In 2005 The Dentists Act 1984 was amended enabling dental bodies corporate (DBC) to carry on the business of dentistry. This can be a very attractive proposition for dentists as with appropriate advice there can be significant tax advantages. As such we have seen increasing numbers who have taken advantage of this alternative business vehicle, as opposed to the traditional sole practitioner/partnership structure.
A DBC is a separate legal entity (think of it as separate legal person) and can enter into legal contracts and hold property etc. This is advantageous to a dentist or registered dental care provider as it means that they have limited liability in the day-to-day operation of their business. To put this in context, if dentists operating in partnership had personally entered into a leasing agreement on which both or either of them had defaulted, then the lease company could of sue one or both of the partners personally for the breach of contract potentially leaving their personal assets under threat (i.e. their house). If the dentist traded as a DBC however, with the lease in the DBC’s name, then any liability under the leasing agreement would fall on the DBC and not in most cases the dentist personally..
One word of warning however – as the DBC will be new and will have no trading history and probably very limited assets, until it has some “substance” the individual dentist may well find that banks, suppliers, landlords etc may well require personal guarantees from him in his capacity as a director before they extend facilities.
Fundamental to setting up a DBC is an understanding of the distinction between directors and shareholders. These terms can often can be confused but are actually quite distinct (although frequently a dentist or registered dental care provider will be both)

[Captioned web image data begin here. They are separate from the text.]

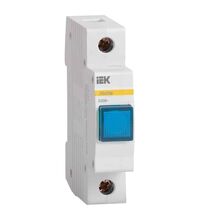 Lampa de semnalizare iEK, LED, albastru, 230VAC, sina DIN, MLS20, MLS20-230-K07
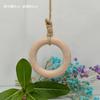 Tienda de Ropa Anillo Colgante Cuerda de Cáñamo Anillo de Madera Percha Percha Estante Tienda de Ropa para Mujer/Ropa Infantil Colgador de Ropa Estante de Exhibición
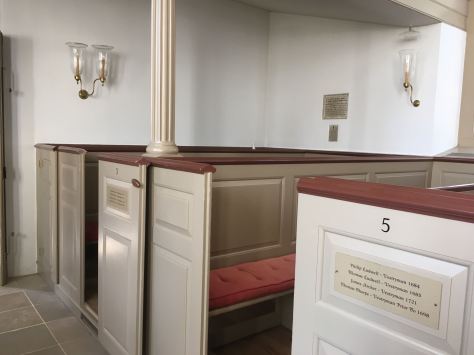 Box Pews Williamsburg - 1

- Directors – make up the board and are responsible for running the business on a day-to-day basis. Under the amended Dentists Act the majority of directors in a DBC need to be either a registered dentist or a registered dental care provider;
- Shareholders – own the DBC in proportion with their shareholding. There is no set obligation under the amended Dentists Act for any of the shareholders to be dentists or registered dental care providers making a dental body corporate a very attractive trading vehicle for outside investment if applicable.
If a DBC only has one shareholder it goes without saying there can’t be any shareholder disputes, but care should be taken in a situation where there is more than one, ( particularly if there is outside investment)

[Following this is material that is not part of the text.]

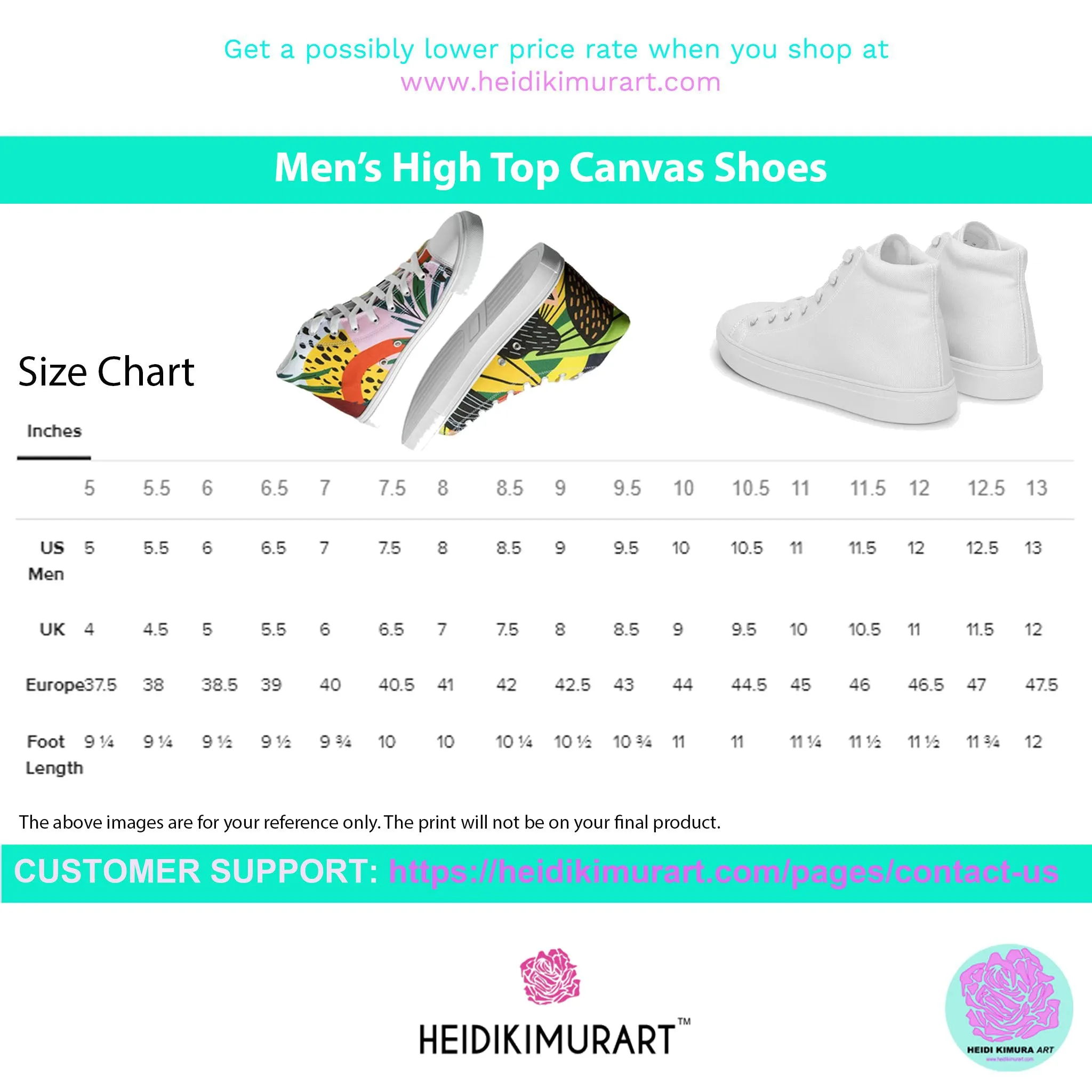 Mint Green Men's High Tops, Solid Pale Greyish Green Color Men’s High Top Canvas Sneaker Shoes (US Size: 5-13)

Ask yourself these questions:-
- How would you deal with a fellow shareholder who doesn’t “pull their weight”?
- How do you stop a shareholder selling their shares to someone you don’t know?
- How do you value the shares when it comes to buying-out one of the other shareholders?
- How do you resolve a deadlock situation between equal shareholders?
If you are not sure how to deal with theses issues, then you should seriously consider a shareholder’s agreement.
This is a confidential and binding agreement between the shareholders/directors that puts in place agreed mechanisms, to resolve problems should they arise in the future and hopefully reduces the need for argument and potentially expensive litigation. It can be entered into at any point during the life of the DBC although it is obviously best at the beginning of a business relationship when all parties get on!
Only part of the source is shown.